Alter Icons
Title | Alter Icons PDF eBook |
Author | Jefferson J. A. Gatrall |
Publisher | Penn State Press |
Pages | 304 |
Release | 2010 |
Genre | Art |
ISBN | 027103677X |
"A collection of essays by eleven scholars of Russian history, art, literature, cinema, philosophy, and theology that track key shifts in the production, circulation, and consumption of the Russian icon from Peter the Great's Enlightenment to the post-Soviet revival of the Orthodox Church"--Provided by publisher.
Icons
Title | Icons PDF eBook |
Author | Olga A. Polyakova |
Publisher | Artis |
Pages | 0 |
Release | 2011 |
Genre | Christian art and symbolism |
ISBN | 9781908126092 |
"from the collection of the Moscow State Integrated Museum-Reserve at Kolomenskoye."
Russian Icons, 14th-16th Centuries
Title | Russian Icons, 14th-16th Centuries PDF eBook |
Author | Gosudarstvenny I Istoricheski I Muze I |
Publisher | |
Pages | 148 |
Release | 1988 |
Genre | Art |
ISBN |
Icon and Devotion
Title | Icon and Devotion PDF eBook |
Author | Oleg Tarasov |
Publisher | Reaktion Books |
Pages | 428 |
Release | 2004-01-03 |
Genre | Art |
ISBN | 186189550X |
Icon and Devotion offers the first extensive presentation in English of the making and meaning of Russian icons.

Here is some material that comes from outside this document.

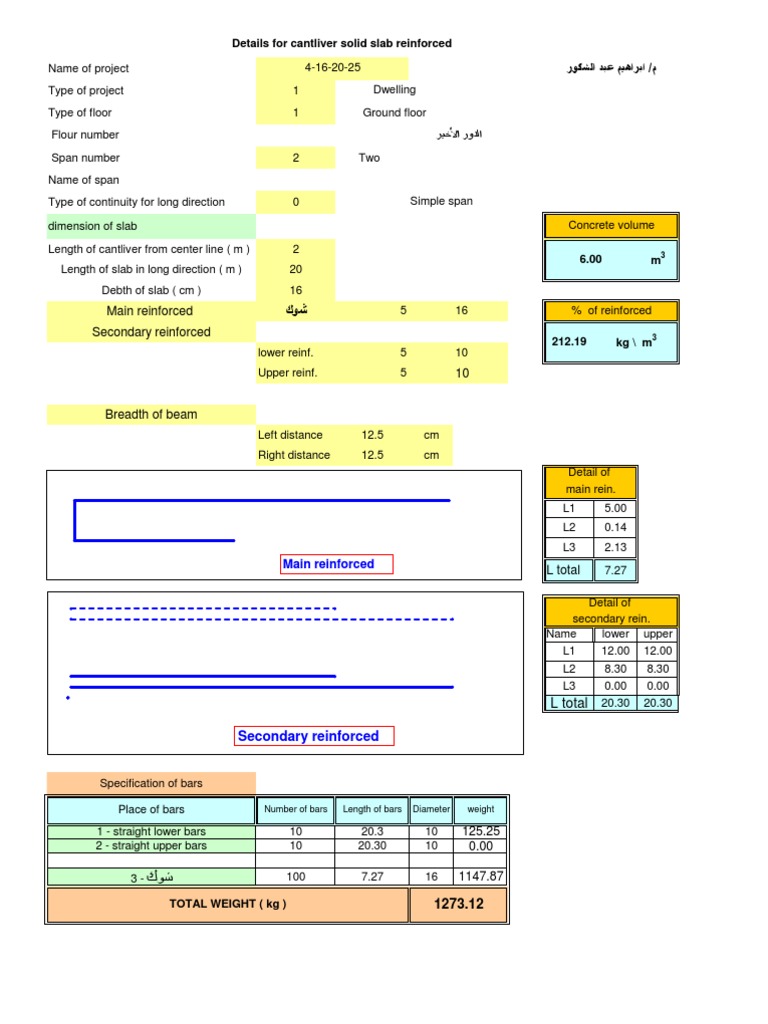Reinforced Concrete Beam Design Details | PDF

The craft of icon-making is set into the context of forms of worship that emerged in the Russian Orthodox Church in the mid-seventeenth century. Oleg Tarasov shows how icons have held a special place in Russian consciousness because they represented idealized images of Holy Russia. He also looks closely at how and why icons were made. Wonder-working saints and the leaders of such religious schisms as the Old Believers appear in these pages, which are illustrated in halftones with miniature paintings, lithographs and engravings never before published in the English-speaking world. By tracing the artistic vocabulary, techniques and working methods of icon painters, Tarasov shows how icons have been integral to the history of Russian art, influenced by folk and mainstream currents alike. As well as articulating the specifically Russian piety they invoke, he analyzes the significance of icons in the cultural life of modern Russia in the context of popular prints and poster design.
Searching for Icons in Russia
Title | Searching for Icons in Russia PDF eBook |
Author | Владимир Солоухин |
Publisher | |
Pages | 218 |
Release | 1972 |
Genre | Art |
ISBN |
Made in Russia
Title | Made in Russia PDF eBook |
Author | Bela Shayevich |
Publisher | Rizzoli International publication |
Pages | 226 |
Release | 2011-04-12 |
Genre | Art |
ISBN | 0847836053 |
Offers a survey of commercial products created in Russia during the 1960s and 1970s through photographs and essays that describe the inspiration, design, and consumer success of each product.
The Icon and the Square
Title | The Icon and the Square PDF eBook |
Author | Maria Taroutina |
Publisher | Penn State Press |
Pages | 761 |
Release | 2018-11-26 |
Genre | Art |
ISBN | 0271082550 |
In The Icon and the Square, Maria Taroutina examines how the traditional interests of institutions such as the crown, the church, and the Imperial Academy of Arts temporarily aligned with the radical, leftist, and revolutionary avant-garde at the turn of the twentieth century through a shared interest in the Byzantine past, offering a counternarrative to prevailing notions of Russian modernism. Focusing on the works of four different artists—Mikhail Vrubel, Vasily Kandinsky, Kazimir Malevich, and Vladimir Tatlin—Taroutina shows how engagement with medieval pictorial traditions drove each artist to transform his own practice, pushing beyond the established boundaries of his respective artistic and intellectual milieu. She also contextualizes and complements her study of the work of these artists with an examination of the activities of a number of important cultural associations and institutions over the course of several decades. As a result, The Icon and the Square gives a more complete picture of Russian modernism: one that attends to the dialogue between generations of artists, curators, collectors, critics, and theorists. The Icon and the Square retrieves a neglected but vital history that was deliberately suppressed by the atheist Soviet regime and subsequently ignored in favor of the secular formalism of mainstream modernist criticism. Taroutina’s timely study, which coincides with the centennial reassessments of Russian and Soviet modernism, is sure to invigorate conversation among scholars of art history, modernism, and Russian culture.